A version of this essay appeared in the “Thing” column of the journal Cabinet (Summer 2006).

Forget The Da Vinci Code, that ham-fisted compendium of half-baked claptrap. You want psychedelic revelations about the artificial nature of reality? Want ringside seats for the never-ending battle between radical change agents and the forces of epistemological orthodoxy? Look no further than the 1968 animated movie Yellow Submarine, an Argonautica-meets-Alice in Wonderland fantasy in which the Beatles voyage across space and time to free a utopian Pepperland from the Albigensian Crusade-style depredations of the Blue Meanies.

Need proof that the quest for gnosis is a threat to established institutions? Look no further than the object pictured here, in all its obscene materiality.

Directed by George Dunning and art-directed by Heinz Edelmann without any input from the Beatles themselves, Yellow Submarine was an exercise in misprision, i.e., a creative misreading of an influential text — in this case the 1967 album Sgt. Pepper’s Lonely Hearts Club Band. The film’s effort to construct a meaningful narrative from “A Day in the Life,” “Lucy in the Sky With Diamonds,” and the record’s title track was every bit as paranoid, really, as Charles Manson’s simultaneous effort to do the same with the Beatles’ so-called White Album.

But Yellow Submarine was also paranoid in the they’re-out-to-get-us sense… because the film portrays the powers-that-be as always looking to crush gnosticism.

How, exactly, is Yellow Submarine a gnostic movie? It’s obvious once you know what to look for. The gnostic attempt to achieve intuitive knowledge of the infinite is enacted by the yellow submarine’s voyage out of the material world into Nowhere Land. Also, the gnostic desire to be united with one’s higher self is articulated by the “John” figure, who, upon encountering the Lonely Hearts Club Band, sagely opines that they’re “extensions of our own personalities suspended, as it were, in time, frozen in space.” And the religio-political establishment’s determination to be humanity’s sole conduit to divine wisdom? It’s expressed by the Chief Meanie’s dictum: “Let us not forget that heaven is blue… tomorrow the world!”

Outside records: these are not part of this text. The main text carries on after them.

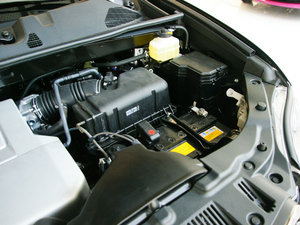 2009款3.5L 四驱豪华版 其它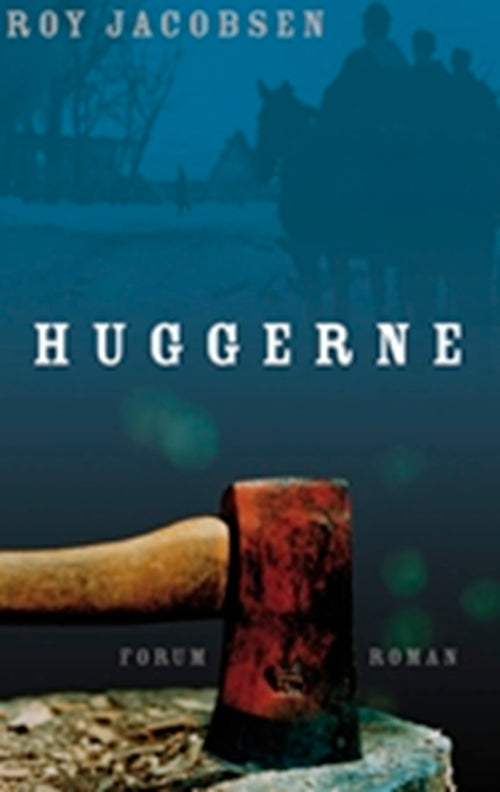 Huggerne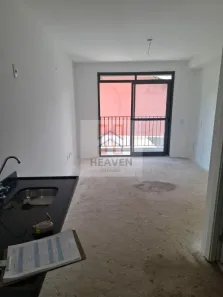 Apartamento com 1 Quarto à venda, 24m² no Pinheiros, São Paulo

As for the object in question, it’s an extremely rare Yellow Submarine merchandising tie-in, a weapon referred to but never actually pictured in the movie: not the Meanies’ Anti-Music Missile or the Dreadful Flying Glove but the O-blue-terator. It was doubtlessly conceived and produced by the pop-culture arm of the anti-gnostic institutional complex to which I have already alluded. It’s obscene not merely because it’s an epistemological WMD for kids, but because Yellow Submarine cannot and should not be three-dimensionalized.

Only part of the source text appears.